We got the job done, but at what cost? This friction costs us efficiency and profitability. And at some point, in spite of our exuberance, we have to get down to business, we have to become efficient, we have to become profitable.
This is a natural move from S-II to S-III, from chaos to system. But you will fight it at every step because the culture is addicted to the juice of chaos. You want to move from reactive to proactive. You are correct, this will require a change in your culture. And the quickest way to change the culture is to change the people.
You are looking for someone to join your team with experience in process and systems. Here are some questions.

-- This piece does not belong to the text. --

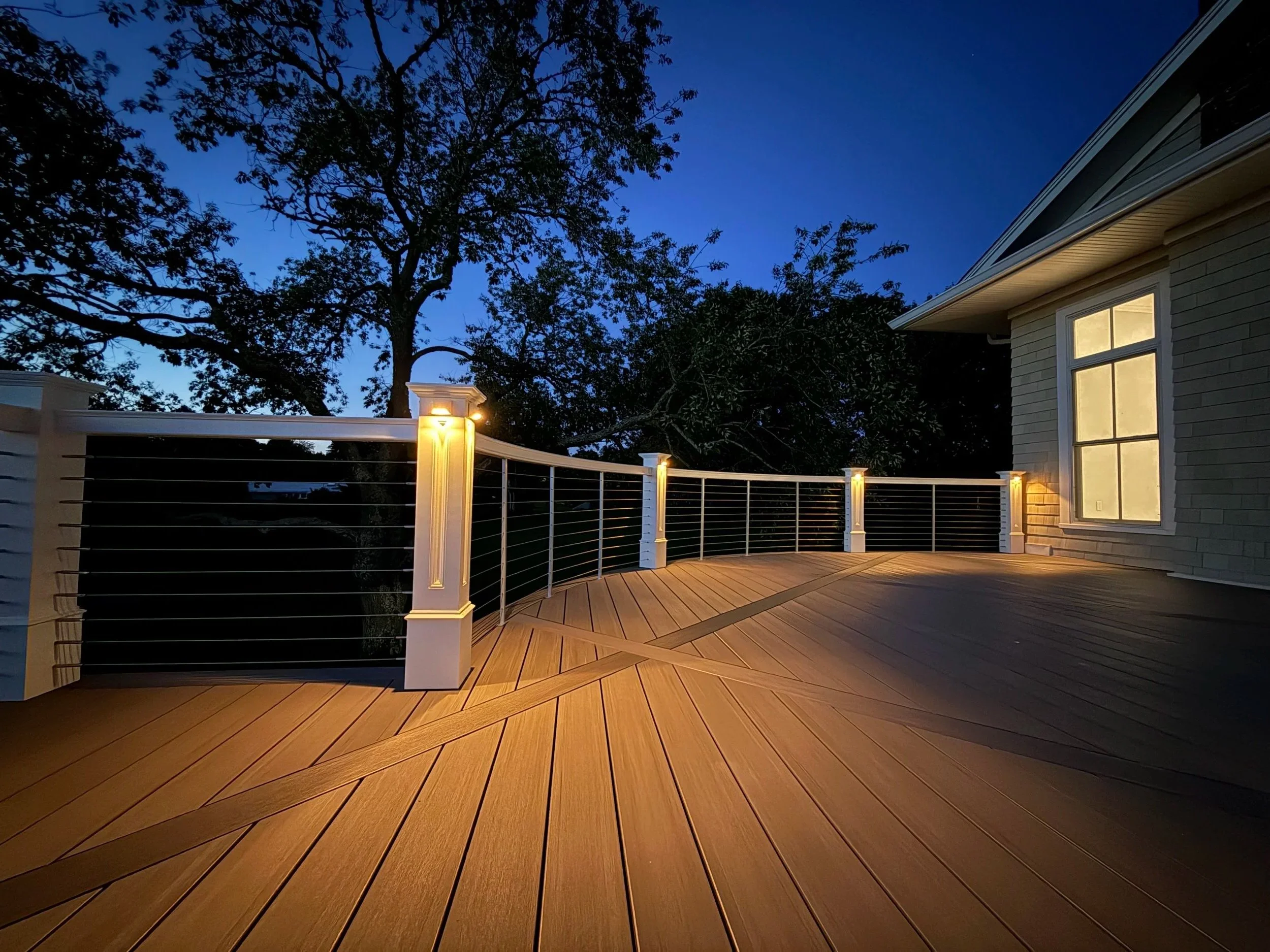 Timbertech Coastline vintage collection deck with diagonal diamond breaker boards, custom curved rails, and in-lite mini wedge lights in Watch Hill RI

- Tell me about a time when you worked on a project that seemed to be mired in chaos?
- What was the project?
- What was your role in the project?
- What created the chaos?
- How did you respond to the chaos?
- How did your approach work?
- What was the result on the project?
I am not looking for heroic responses. I am looking for calm, someone who took a step back, someone, who, in the midst of chaos, insisted on a plan. It might have been a quick plan, but a plan nonetheless.
Not what I want to hear –
I was working on the ABC project and the client was way behind schedule when we started. The client was about to lose their bank funding and we had to finish on time even if it meant that we had to take shortcuts. Or all would be lost. We took a risk. There were several steps in the process that we could omit. We sidestepped all the quality checks, hoping the project would hold together. We got lucky. Nothing broke. We finished the project on time. I call my team – the firefighters. Give us a firefight, we will win.
What I want to hear –
I was working on the ABC project and the client was way behind schedule when we started. The client was about to lose their bank funding and we had to finish on time even if it meant that we had to take shortcuts. I was the project leader. I had to put my foot down. There were several quality checks that slowed the project, but they were necessary. I put together a flow chart and a plan. I went with my client to their bank to present the plan. They gave us an extra 48 hours. We made it. The plan worked.